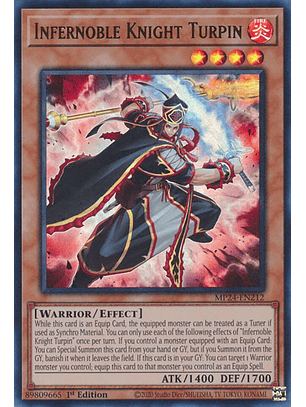 Infernoble Knight Turpin - MP24-EN212 - Ultra Rare 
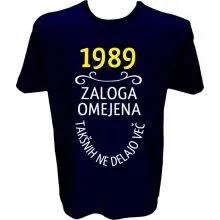 Majica-1989, zaloga omejena, takšnih ne delajo več L-temno modra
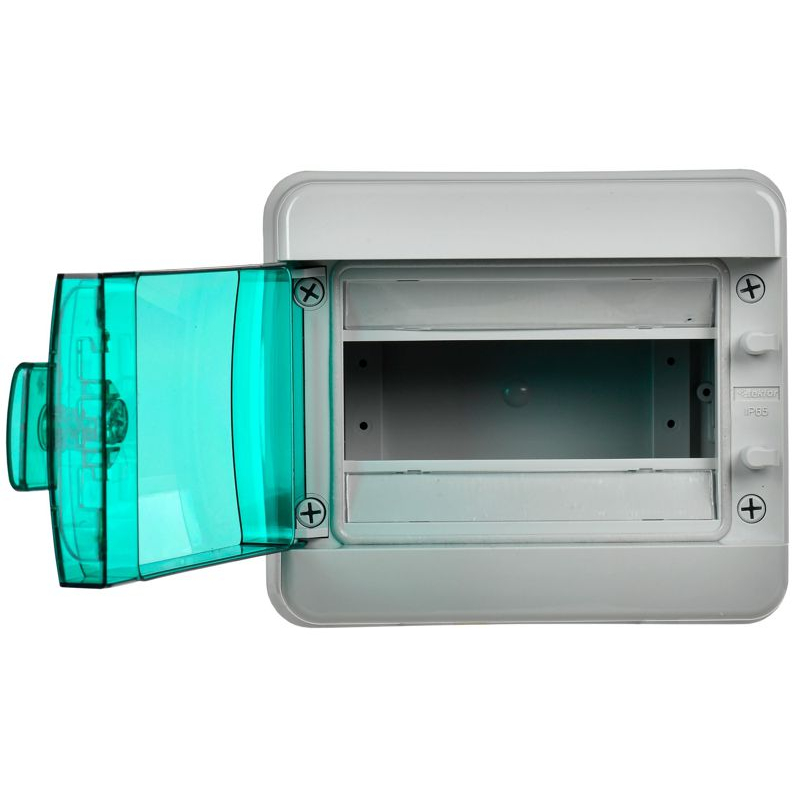 TEKFOR Корпус пластиковый КМПн-8 IP65 зеленая прозрачная дверь IEK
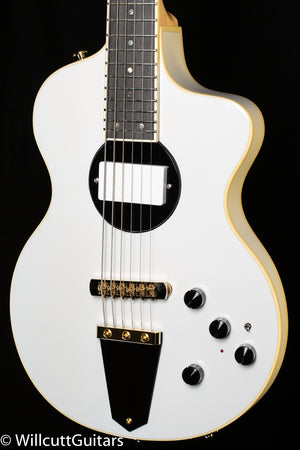 Rick Turner Model 1 Deluxe All White, Gold Hardware (664)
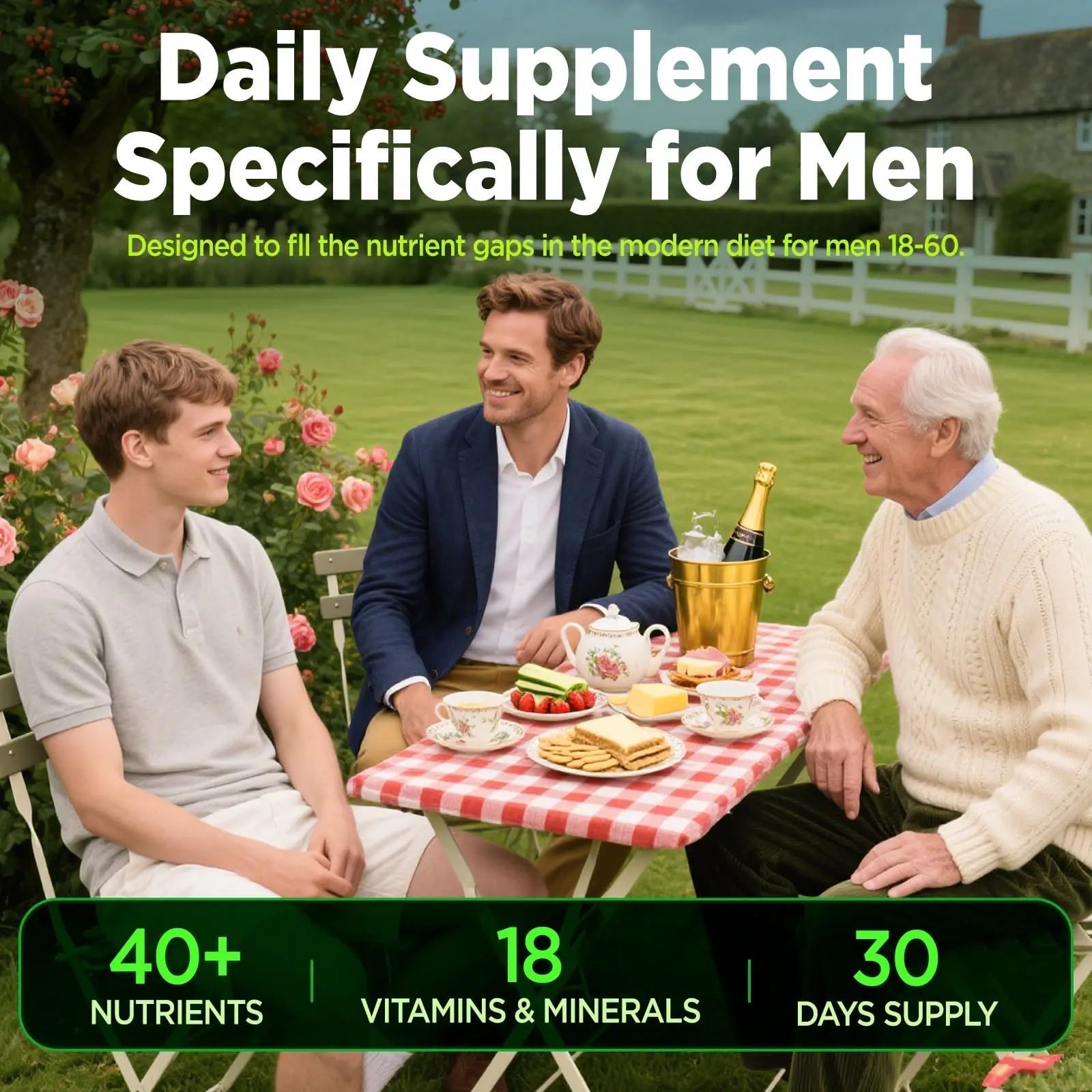 Methylated Multivitamin for Men Gummies, Men`s Multivitamins Gummies with Vitamin B Complex, A, C ,D3, E, K2, Calcium, Magnesium, Omega-3 NATISLAND uk supplements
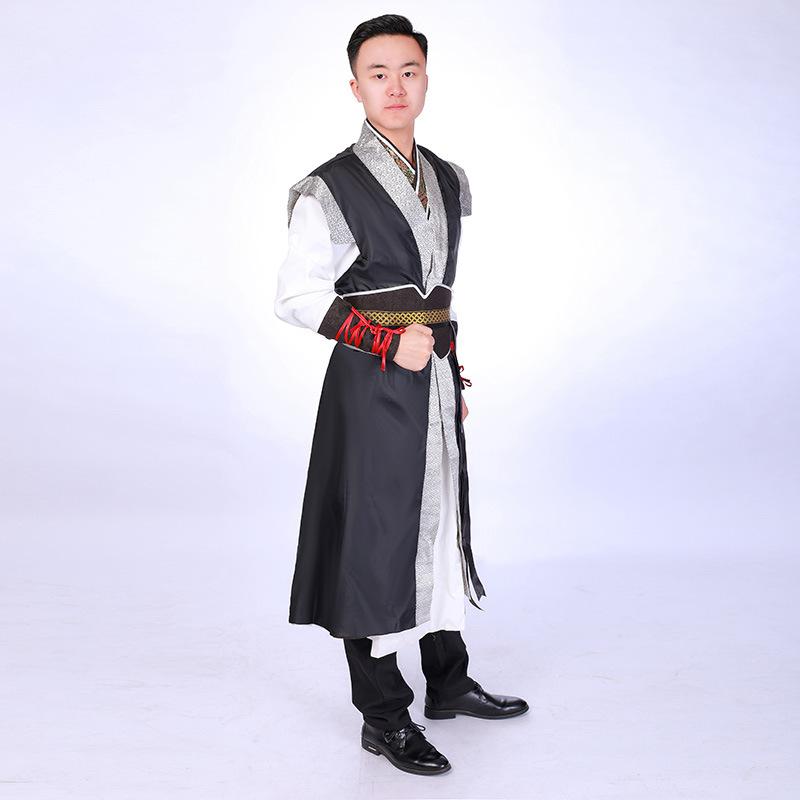 漢服 メンズ 男性用 三国志 趙雲 将軍服 武将 武道家 時代劇衣装 舞台 映画 ドラマ 撮影 イベント コスプレ 仮装 古風衣装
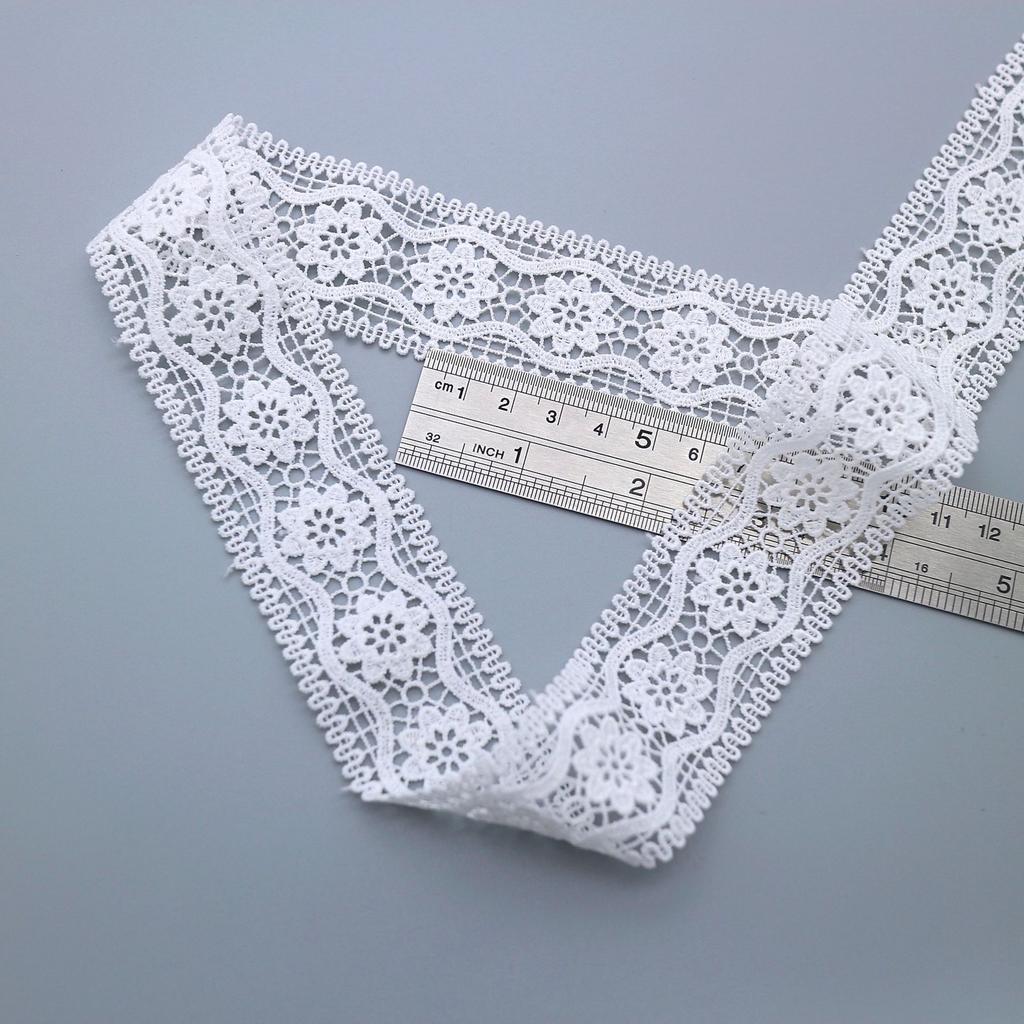 Water Soluble Fine Thread Milk Silk Lace, Milk Silk Embroidered Lace, Clothing Headgear Lace Accessories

━━━━━━━━━━━━━━━━

All of the data above is to be repeated exactly, with the pictures left out.

OUTPUT OF THE EXERCISE ▸
 Infernoble Knight Turpin - MP24-EN212 - Ultra Rare 
 Majica-1989, zaloga omejena, takšnih ne delajo več L-temno modra
 TEKFOR Корпус пластиковый КМПн-8 IP65 зеленая прозрачная дверь IEK
 Rick Turner Model 1 Deluxe All White, Gold Hardware (664)
 Methylated Multivitamin for Men Gummies, Men`s Multivitamins Gummies with Vitamin B Complex, A, C ,D3, E, K2, Calcium, Magnesium, Omega-3 NATISLAND uk supplements
 漢服 メンズ 男性用 三国志 趙雲 将軍服 武将 武道家 時代劇衣装 舞台 映画 ドラマ 撮影 イベント コスプレ 仮装 古風衣装
 Water Soluble Fine Thread Milk Silk Lace, Milk Silk Embroidered Lace, Clothing Headgear Lace Accessories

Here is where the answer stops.